Le gouvernement va agir
Pierre-Olivier Variot, président de l’USPO, a expliqué les raisons de ce phénomène à franceinfo : «Beaucoup de gens plus jeunes, qui ont été malades l’an dernier, se sont fait vacciner cette année car ils ne veulent pas être de nouveau alités pendant près d’une semaine [...] Il y a peut-être eu aussi un ras-le-bol de la vaccination avec le Covid». Sous la menace d’une pénurie, le gouvernement a annoncé, samedi 29 novembre, qu’il allait débloquer des doses supplémentaires : «Pour accompagner la période des fêtes et éviter toute tension, nous libérerons progressivement les doses supplémentaires déjà sécurisées», a déclaré sur X la ministre de la Santé Stéphanie Rist.

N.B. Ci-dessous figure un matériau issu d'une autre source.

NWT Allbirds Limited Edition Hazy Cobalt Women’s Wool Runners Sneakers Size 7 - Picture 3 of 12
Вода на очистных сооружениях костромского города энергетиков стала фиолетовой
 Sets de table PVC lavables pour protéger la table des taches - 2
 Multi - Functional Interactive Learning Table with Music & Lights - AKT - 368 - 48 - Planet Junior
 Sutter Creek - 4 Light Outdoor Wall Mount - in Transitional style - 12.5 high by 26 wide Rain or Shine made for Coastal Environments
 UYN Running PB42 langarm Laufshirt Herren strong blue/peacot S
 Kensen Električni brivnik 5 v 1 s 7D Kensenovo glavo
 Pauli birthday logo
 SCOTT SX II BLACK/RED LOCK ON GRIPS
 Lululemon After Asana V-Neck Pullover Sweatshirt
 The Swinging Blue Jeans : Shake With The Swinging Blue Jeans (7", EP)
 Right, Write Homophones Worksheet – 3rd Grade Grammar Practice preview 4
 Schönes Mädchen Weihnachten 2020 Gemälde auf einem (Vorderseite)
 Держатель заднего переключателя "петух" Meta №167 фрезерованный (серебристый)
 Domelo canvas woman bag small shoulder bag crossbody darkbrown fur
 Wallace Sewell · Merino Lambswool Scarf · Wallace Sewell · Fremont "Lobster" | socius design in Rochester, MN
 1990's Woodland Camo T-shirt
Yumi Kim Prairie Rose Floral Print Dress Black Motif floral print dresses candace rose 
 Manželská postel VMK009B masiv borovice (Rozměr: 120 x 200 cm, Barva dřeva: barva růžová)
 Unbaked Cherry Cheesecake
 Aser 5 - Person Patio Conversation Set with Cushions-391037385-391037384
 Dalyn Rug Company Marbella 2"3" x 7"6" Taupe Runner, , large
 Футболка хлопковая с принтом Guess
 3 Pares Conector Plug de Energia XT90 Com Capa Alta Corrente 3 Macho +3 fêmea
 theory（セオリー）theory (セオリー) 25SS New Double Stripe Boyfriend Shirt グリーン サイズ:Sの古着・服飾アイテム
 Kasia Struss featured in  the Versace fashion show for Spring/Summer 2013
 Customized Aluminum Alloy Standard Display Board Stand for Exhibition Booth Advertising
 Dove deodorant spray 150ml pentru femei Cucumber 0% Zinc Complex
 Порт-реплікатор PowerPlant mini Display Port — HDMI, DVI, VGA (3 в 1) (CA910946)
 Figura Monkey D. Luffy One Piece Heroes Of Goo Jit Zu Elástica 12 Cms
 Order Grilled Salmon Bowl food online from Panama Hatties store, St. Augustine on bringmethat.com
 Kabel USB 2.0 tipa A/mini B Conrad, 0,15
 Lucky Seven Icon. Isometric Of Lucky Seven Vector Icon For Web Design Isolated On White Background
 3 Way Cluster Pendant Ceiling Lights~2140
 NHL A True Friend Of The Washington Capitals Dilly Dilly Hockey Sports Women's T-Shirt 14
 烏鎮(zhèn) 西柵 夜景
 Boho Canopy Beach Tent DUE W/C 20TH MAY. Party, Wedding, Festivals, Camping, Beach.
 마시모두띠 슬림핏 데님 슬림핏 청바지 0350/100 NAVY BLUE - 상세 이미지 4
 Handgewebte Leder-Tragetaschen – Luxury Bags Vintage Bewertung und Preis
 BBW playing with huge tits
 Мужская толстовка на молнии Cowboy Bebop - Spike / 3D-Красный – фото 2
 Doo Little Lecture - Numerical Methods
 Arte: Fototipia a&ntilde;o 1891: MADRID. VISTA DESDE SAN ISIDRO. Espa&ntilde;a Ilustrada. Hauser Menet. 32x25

L’État va donc utiliser les doses supplémentaires via la libération d’un stock de sécurité maintenu de côté par les pouvoirs publics. Une mesure qui tombe à pic puisque selon le bilan de Santé publique France, publié la semaine dernière, la grippe saisonnière a commencé à s’installer dans plusieurs régions de la métropole française. Pour rappel, l’épidémie de grippe avait été particulièrement sévère au dernier hiver avec plus de 17 000 décès - contre une moyenne tournant autour de 10 000.